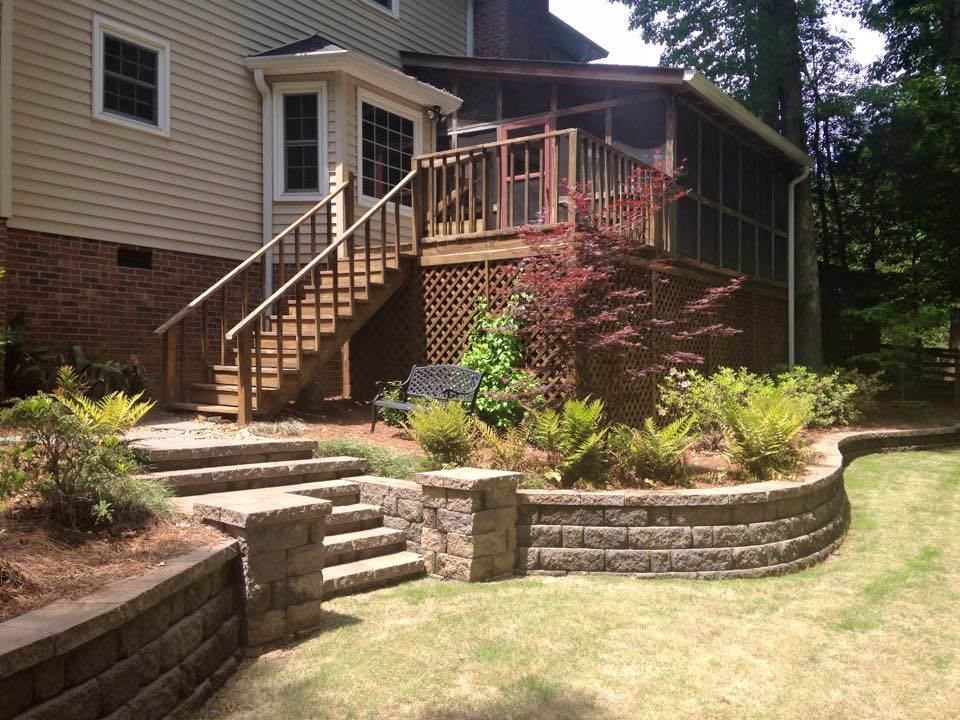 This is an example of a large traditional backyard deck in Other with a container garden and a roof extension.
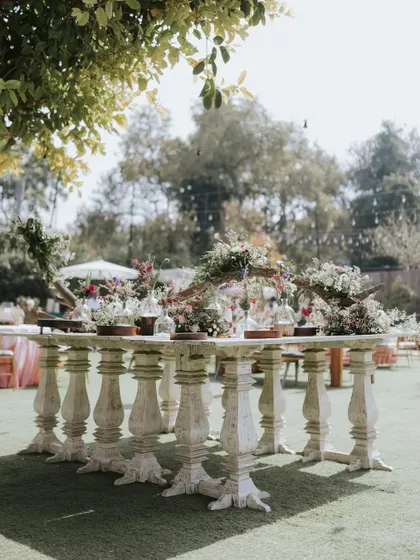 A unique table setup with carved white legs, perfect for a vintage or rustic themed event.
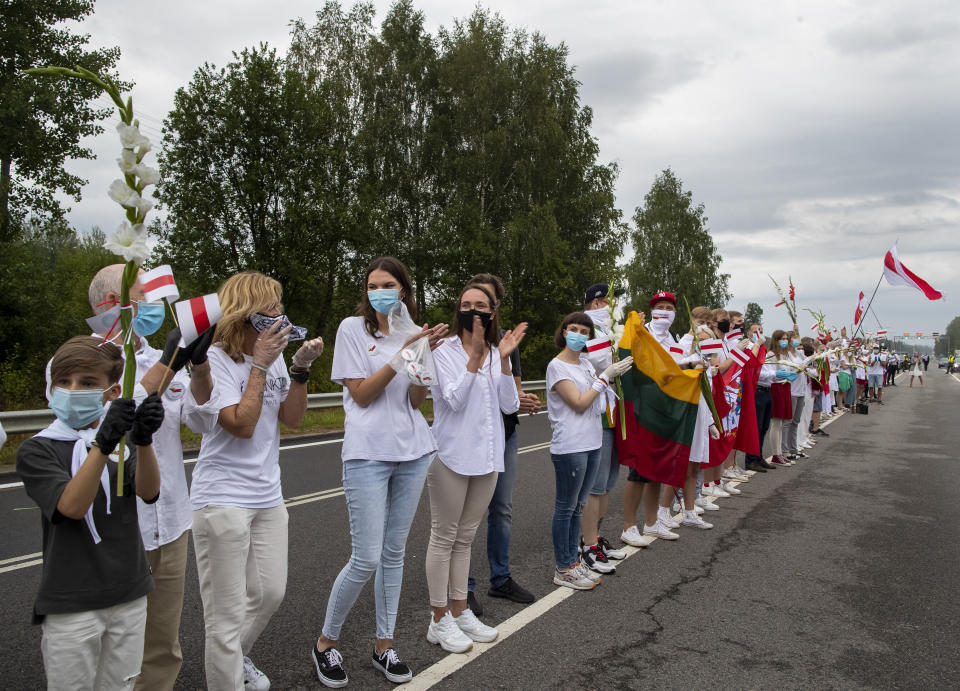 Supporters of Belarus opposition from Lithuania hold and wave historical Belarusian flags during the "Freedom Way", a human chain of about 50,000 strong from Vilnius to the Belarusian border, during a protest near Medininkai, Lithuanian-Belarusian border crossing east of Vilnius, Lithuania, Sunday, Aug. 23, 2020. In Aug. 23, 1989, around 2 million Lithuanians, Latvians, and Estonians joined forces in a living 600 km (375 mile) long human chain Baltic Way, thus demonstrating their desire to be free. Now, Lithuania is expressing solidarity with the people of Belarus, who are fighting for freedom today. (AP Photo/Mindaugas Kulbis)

Work order:
Would you copy all of the data exactly? Keep the pictures out of it.

Response to the task:
 This is an example of a large traditional backyard deck in Other with a container garden and a roof extension.
 A unique table setup with carved white legs, perfect for a vintage or rustic themed event.
 Supporters of Belarus opposition from Lithuania hold and wave historical Belarusian flags during the "Freedom Way", a human chain of about 50,000 strong from Vilnius to the Belarusian border, during a protest near Medininkai, Lithuanian-Belarusian border crossing east of Vilnius, Lithuania, Sunday, Aug. 23, 2020. In Aug. 23, 1989, around 2 million Lithuanians, Latvians, and Estonians joined forces in a living 600 km (375 mile) long human chain Baltic Way, thus demonstrating their desire to be free. Now, Lithuania is expressing solidarity with the people of Belarus, who are fighting for freedom today. (AP Photo/Mindaugas Kulbis)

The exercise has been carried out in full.